Assignment: Your response should reproduce every line of the entries that contains the word "Leonetto".

Caption-style text data:
»»

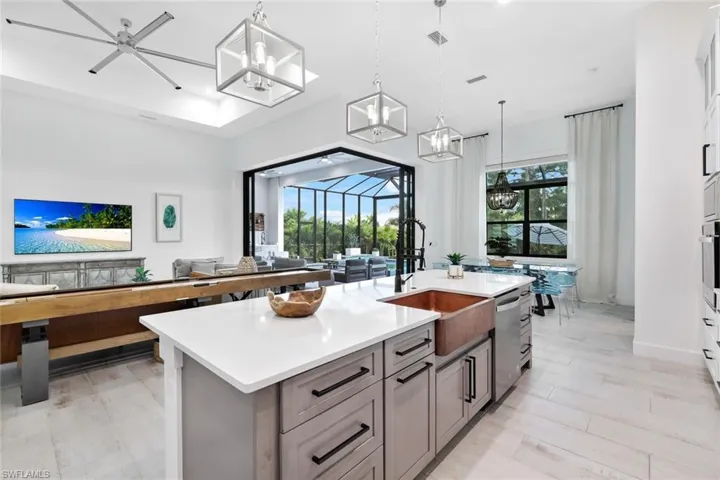 Kitchen featuring a center island with sink, hanging light fixtures, a healthy amount of sunlight, and sink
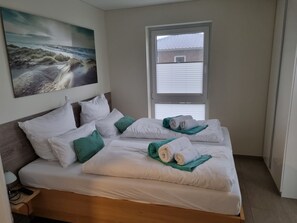 A hotel room with a bed, pillows, a blanket, a remote control, and a painting of a beach scene.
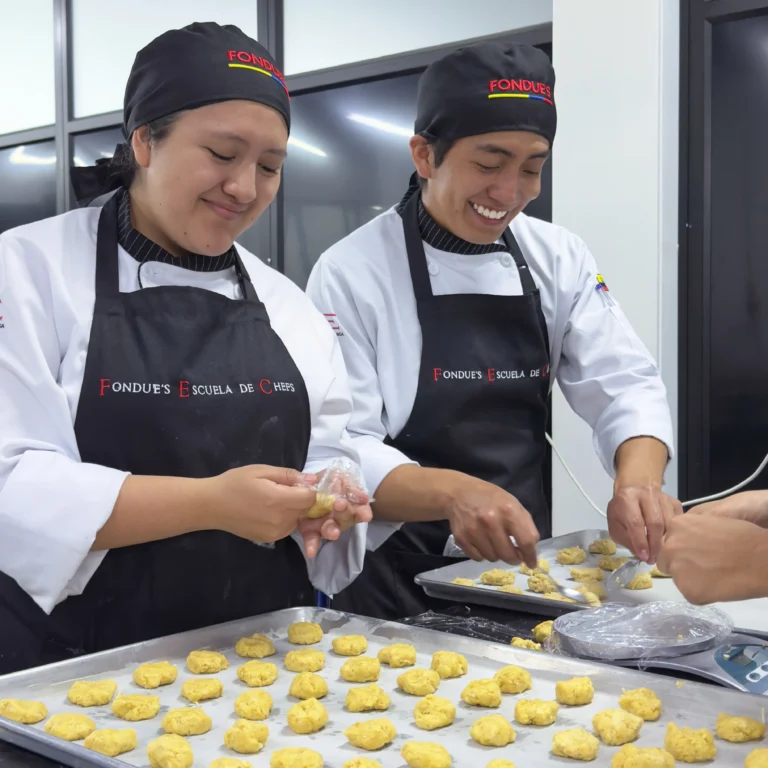 Dos estudiantes sonrientes de Fondue's Escuela de Chefs con delantales negros, preparando hileras de galletas sobre una bandeja para hornear.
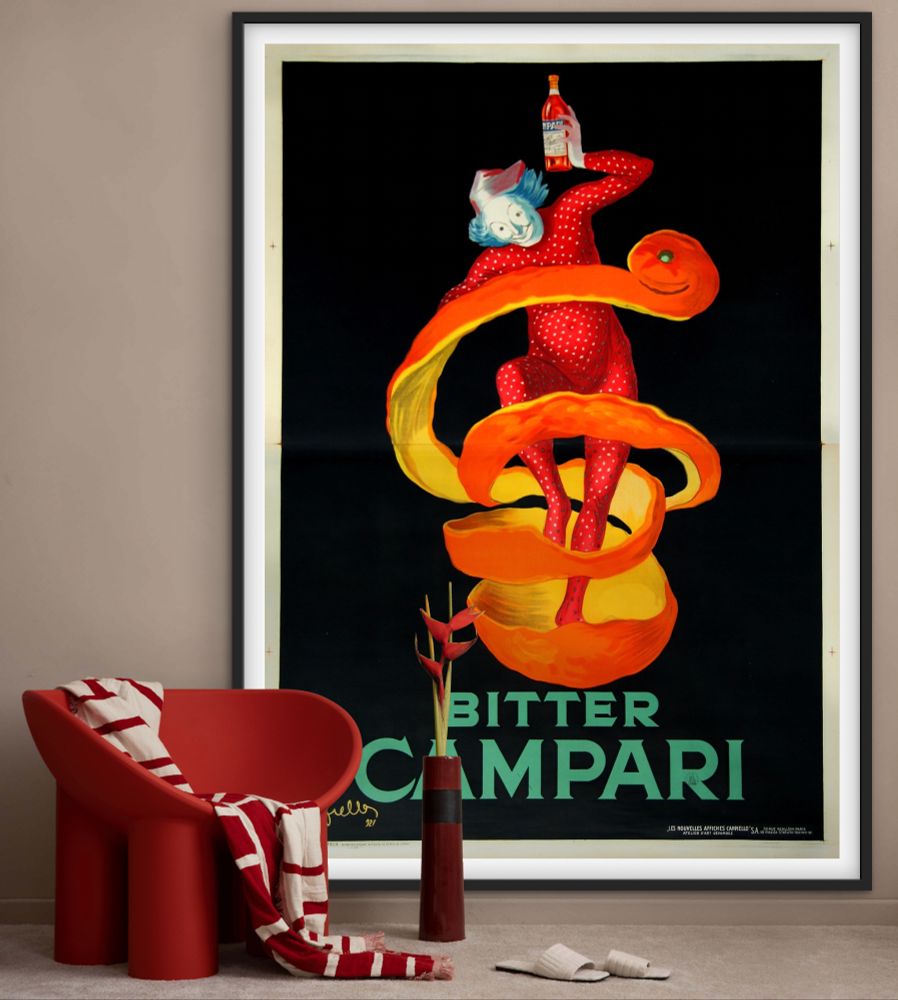See It On Your Wall

"Bitter Campari" by Leonetto Cappiello, 1921

Arty-Fact: Steeped in theatrical tradition from his years as a stage caricaturist, Cappiello often chose pierrots, harlequins or clowns to represent various products. Here, in one of his most inspired designs, the clown embodies the spirit of the orange peel, a zesty ingredient in the Bitter Campari. The image has become one of the classics of poster design, effortlessly combining the elements of surprise with the essence of the product.

The story of this world-famous brand name started in 1860 in the little Italian town of Novara, where Gaspare Campari opened his small wine shop. Within two years, he earned enough to open a cafe on a busy street corner in Milan. Annoyed that his competitors were able to sell everything that he did, he determined to produce his own distinctive liqueur in order to serve something unique. To this end, he developed a recipe for a type of bitters and made a sample batch.

His timing was impeccable: bitters - alcoholic potions made from various aromatic herbs with a supposedly salutary effect on the digestive system - were just coming into vogue at the time, and the Campari Bitter was an instant success. The enterprise grew, and by the time of Gaspare's death in 1882, the product was selling throughout the world. His son, Davide (1887 - 1936), expanded the family business even more, and in 1892, added a second successful beverage, Cordial Campari. Nearly every major Italian posterist (Dudovich, Codognato and Nizzoli among others) was asked at one time or another to design posters for this firm. Cappiello himself produced several including the Bitter Campari of 1912.

[Source: “Cappiello – The Posters Of Leonetto Cappiello” by Jack Rennett, 2004]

««

Task result:
"Bitter Campari" by Leonetto Cappiello, 1921
[Source: “Cappiello – The Posters Of Leonetto Cappiello” by Jack Rennett, 2004]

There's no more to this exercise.